Coding Cotest Byte: The Square Root Trick

[•Cosmin]

http://infoarena.ro/blog/square-root-trick

[•a_h1926]

For the Josephus problem: we may consider a binary array, in which a[ i ]=0 represents that the ith player was eliminated, and a[ i ]=1 represents that the ith player is still in the game. We notice that if we have a given configuration of 0's and 1's, the last eliminated player is P and we are at step k, we need to count k ones to the right of P (we consider the array circular), and that will be the position of the next eliminated player. We could do this efficiently if we keep a data structure Sum in which Sum[ i ] represents the sum for the ith interval of length sqrt (n). Therefor, when we are at position P and we want to count k ones to the right, we can easily see in which interval of length sqrt (n) is the next position by simply iterating through the intervals to the right untill we find that their total sum exceeds k. The total complexity is sqrt (n) for every eliminated player, as we only iterate through elements in the interval in which the current player is, through the elements from the interval in which the next player to be eliminated is and through the intervals between, which are at most sqrt (n) (in case we need to go around the entire array from 1 to n more than once because k is greater than the number of remaining players, we can just count k%(number of remaining players) ones to the right because the rest of the moves would lead us to the exact same position). Final complexity is O(n*sqrt (n)).
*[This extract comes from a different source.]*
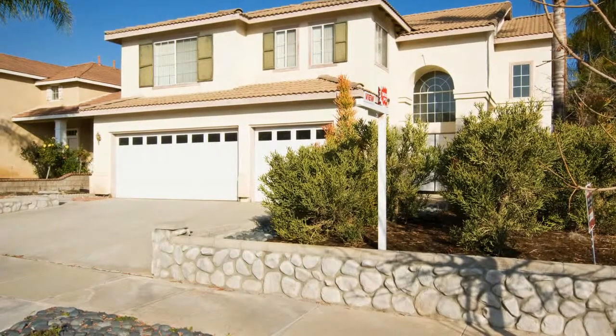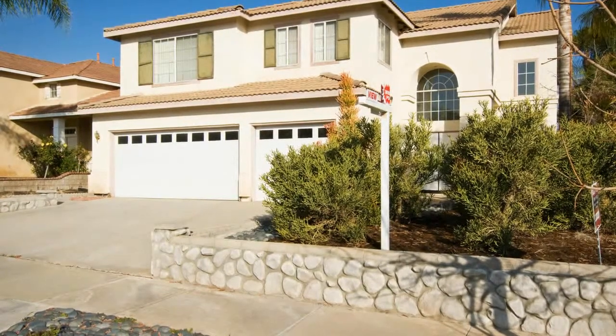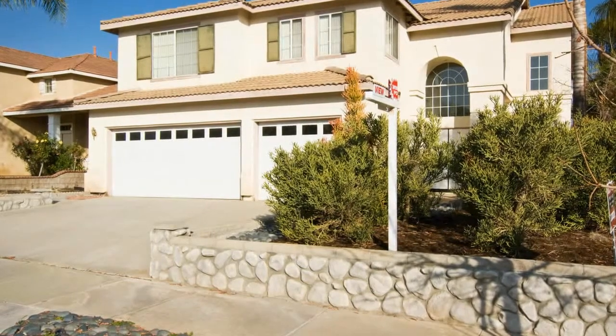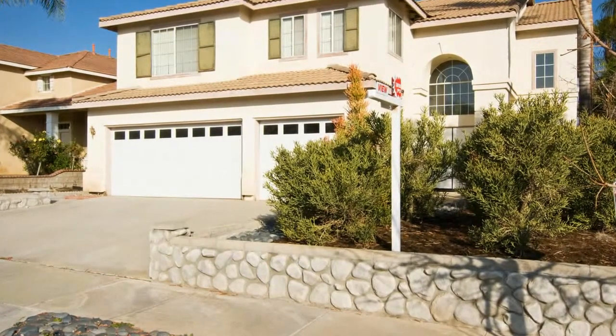This single-family home, measuring more than 2,630 square feet, and positioned on a beautiful location on a quiet street, is ideal for those who want to live centrally and comfortably.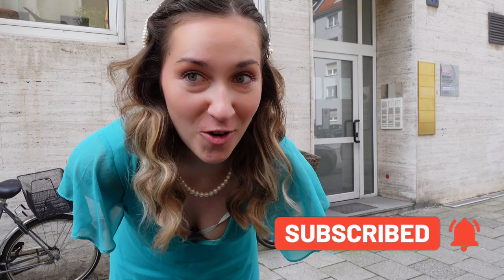Hello and welcome back to my channel. I'm so excited to see you here and today I have a really exciting vlog for you.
For the Level Ancestor problem: we could keep an array Ancestor in which we remember the sqrt (n)-th ancestor of each node. We may compute this array in O(n) with a single DFS, as we may keep the nodes in a stack and we can figure out in constant time which is the sqrt (n)-th ancestor for each node. Having this array computed, when we recieve a query, we can just iterate through the sqrt(n)-th ancestor of the node as long as the current level of the ancestor doesn't exceed k, and we can just iterate through the left ancestors level by level (through the father array) untill we reach the kth ancestor. The complexity is O (n) precalculation + O(sqrt (n)) for each query.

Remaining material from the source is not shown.